◆ Data to use

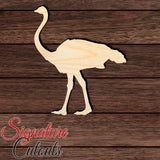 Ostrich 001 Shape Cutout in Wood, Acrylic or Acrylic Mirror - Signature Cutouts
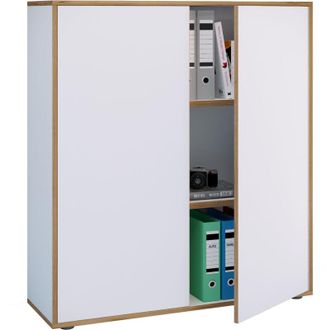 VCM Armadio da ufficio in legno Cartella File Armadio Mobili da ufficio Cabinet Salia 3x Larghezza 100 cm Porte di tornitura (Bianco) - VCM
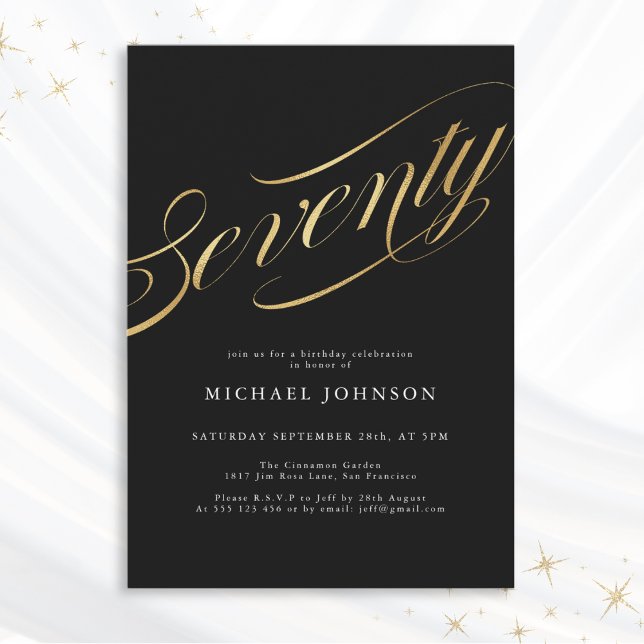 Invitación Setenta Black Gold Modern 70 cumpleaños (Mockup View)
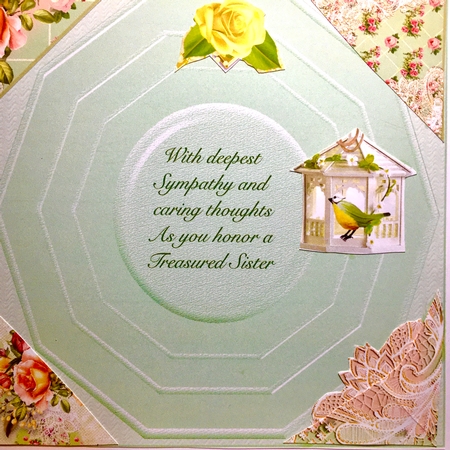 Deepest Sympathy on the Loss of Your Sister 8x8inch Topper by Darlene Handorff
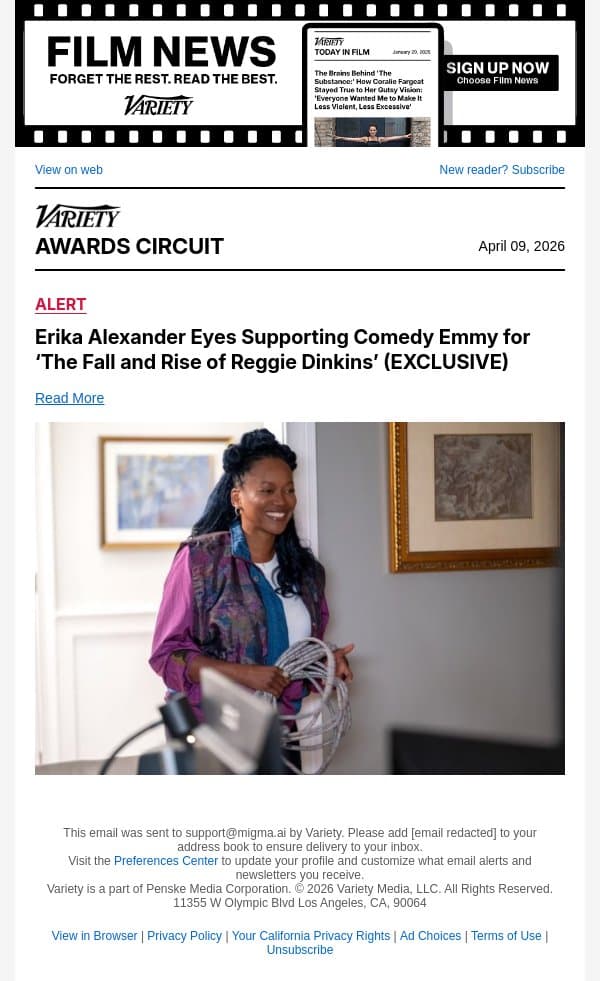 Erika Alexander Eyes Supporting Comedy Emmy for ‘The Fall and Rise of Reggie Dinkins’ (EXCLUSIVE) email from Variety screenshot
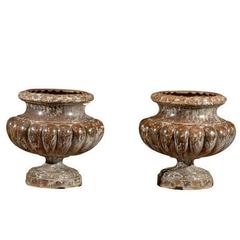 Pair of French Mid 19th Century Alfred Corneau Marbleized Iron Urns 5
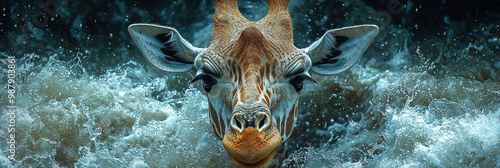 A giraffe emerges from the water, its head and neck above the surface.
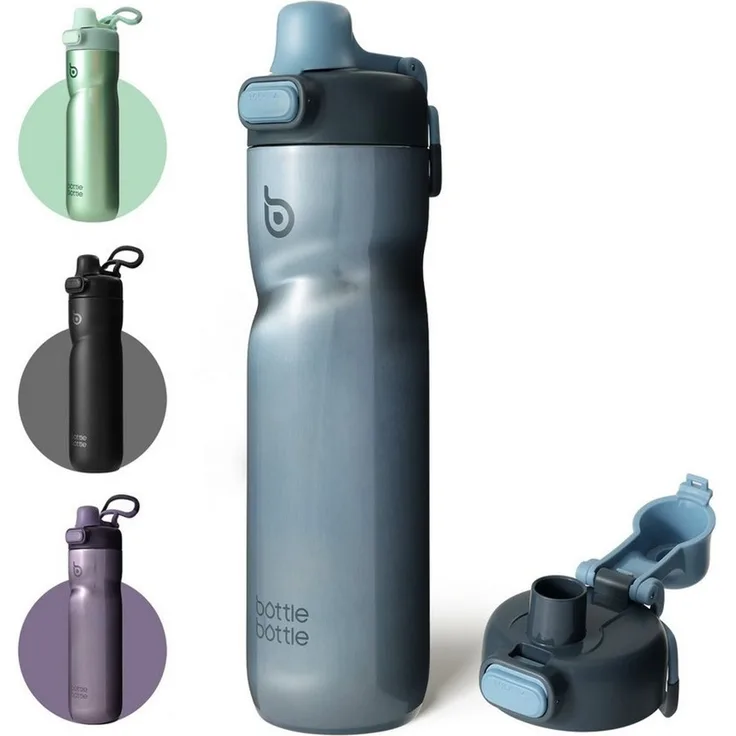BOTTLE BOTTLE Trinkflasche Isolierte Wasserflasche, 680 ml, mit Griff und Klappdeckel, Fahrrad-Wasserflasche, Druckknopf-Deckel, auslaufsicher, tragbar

◆ Prompt
Please print the lines above word for word, starting at the one with "Deepest Sympathy on" and ending at the one with "A giraffe emerges", both included, and without any picture.

◆ Exercise response
 Deepest Sympathy on the Loss of Your Sister 8x8inch Topper by Darlene Handorff
 Erika Alexander Eyes Supporting Comedy Emmy for ‘The Fall and Rise of Reggie Dinkins’ (EXCLUSIVE) email from Variety screenshot
 Pair of French Mid 19th Century Alfred Corneau Marbleized Iron Urns 5
 A giraffe emerges from the water, its head and neck above the surface.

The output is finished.